The seven-foot-long sand tiger shark glides through the water, brushing up against the glass of the huge 120,000-gallon tank at the Long Island Aquarium & Exhibition Center.
For most, that’d be close enough to the jagged-toothed creature. But say you wanted to get closer; much closer.
The aquarium’s shark diving program — open to any and all brave enough to enter a steel cage and spend half and hour with a trained diver as sharks circle around — is now in its fifth year.
Aquarist Maggie Seiler said often people who participate in the dives are afraid of the sharks at first, but learn to conquer their fear in the water.
It’s the most rewarding part of her job, she said.
“That’s always a lot of fun for me, being that person who exposed them to something new,” she said. “At the end of the dive they love it … You get to get close and have that experience, while staying safe.”
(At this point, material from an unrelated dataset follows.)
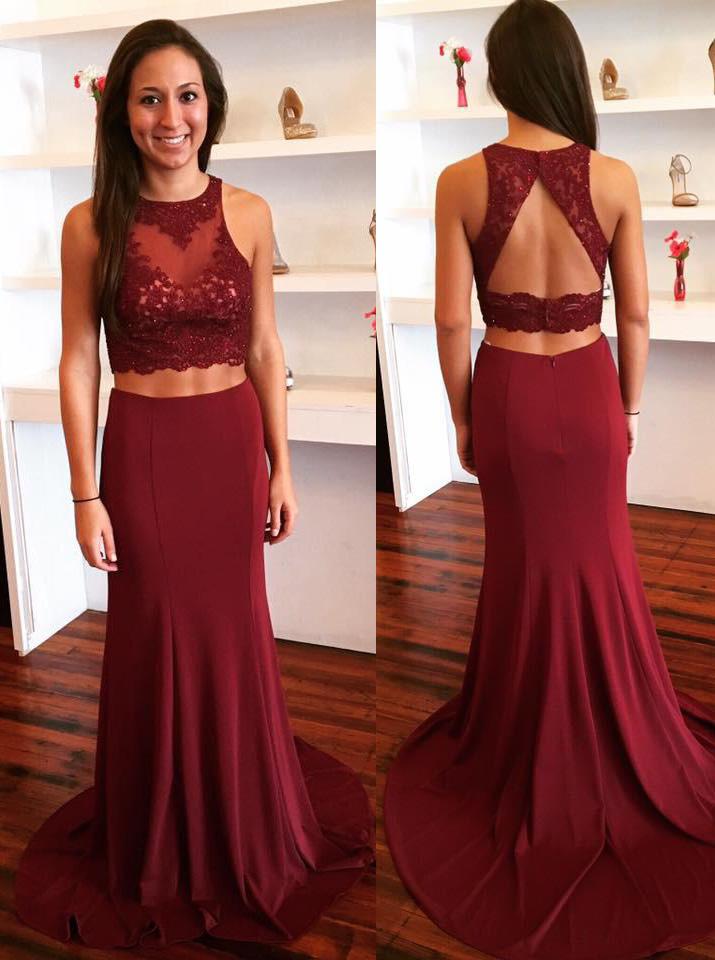 Burgundy Two-Piece Prom Dress with Keyhole Back and Lace Appliques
The aquarium is also set to open a new “Shark Keeper” program on July 1 that will allow guests at the aquarium to feed the sand tiger sharks, take a tour of the facilities and bring home a shark tooth.
But say you’re not feeling like getting up close and personal with some of nature’s best predators. The Long Island Aquarium also offers other programs with more cuddly creatures.
Guests can become “trainers” for a day, learning how the aquarium trains its seals and sea lions, and even get a kiss from one of the sea lions. There’s also a 45-minute long encounter with the aquarium’s African penguins, where participants learn more about the aquatic birds and how they’re cared for.
Kids can take part in the “Scientist for a Day” program through the aquarium and the Blue Ocean Institute. Children from ages 9 to 14 will get to collect scientific samples using the same tools ocean scientists use. That program runs periodically and requires advance registration.